There is also a very well done subplot involving a trio of boys at Oliver’s school, Byron (Winslow Fegley), Mateo (Jayden Marine) and Zach (Gavin MacIver-Wright), who cruelly bully him but also seem curious enough to spend time with him. Chase handles all of these different story elements quite well, and the film smartly keeps Oliver front and centre, taking us into his world and offering a sensitive portrayal of a non-speaking autistic kid. Robertson is believable in the role, while Jacobs and Gallagher Jr. both do very good work as Oliver’s parents.

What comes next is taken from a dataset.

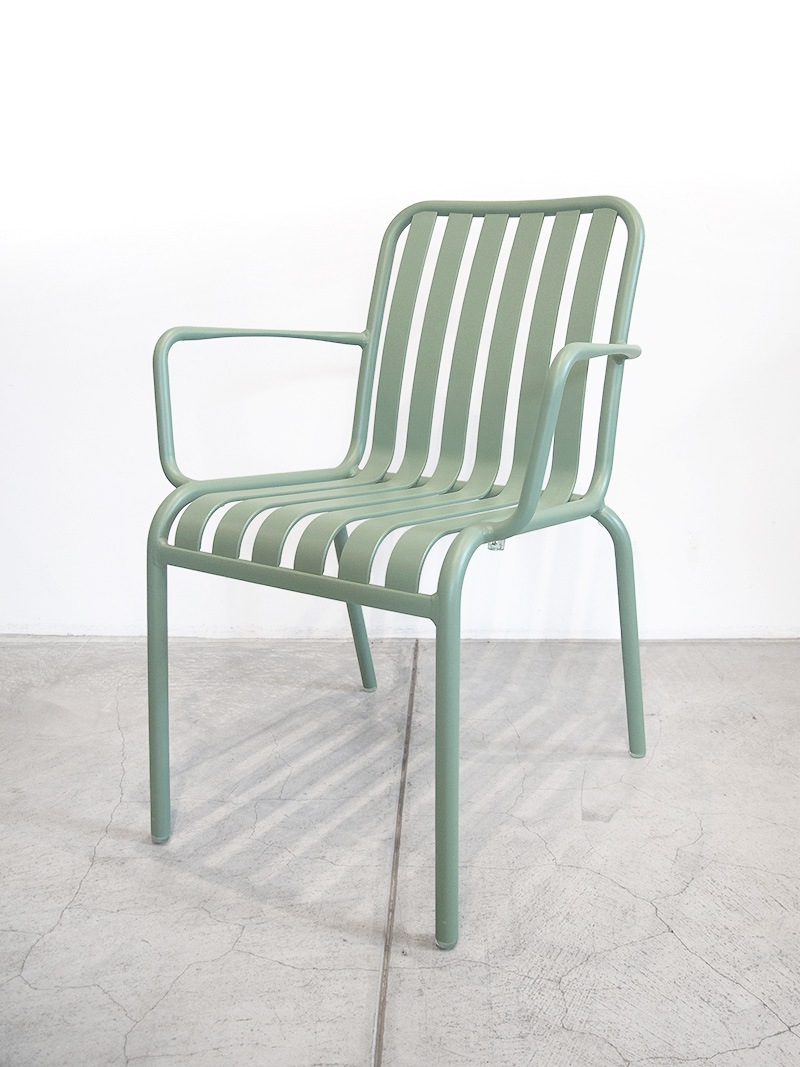 アウトドアファニチャー アーム付きアルミチェア｜イデア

Chase does a fine job of building suspense throughout the film, which at times plays like a somewhat tamer, digitized version of The Babadook, and the central conceit of a monster lurking behind the screens of electronic devices is pulled off quite cleverly. Larry is only visible through cameras, which leads to several inventive and very creepy sequences that seem inspired by augmented reality apps. The creature himself has been brought to life through some excellent practical effects, another impressive aspect of the film.

While too intense for younger viewers, Come Play is a solid PG-13 horror film that would be a good choice for older kids wanting to dip their toes into genre fare. The film delivers enough spine-tingling moments to keep us on edge, but this is one of those horror movies that occupies an emotional space as well, and the final moments of Come Play might just get you choked up, following a pulse-quickening climax. This is an effective mix of old school thrills channeled through a modern, technologically advanced lens, with a little bit of that classic, bittersweet Amblin magic mixed in.

Come Play is opening in select theatres across Canada today, please check local listings. It’s being distributed in Canada by Focus Features.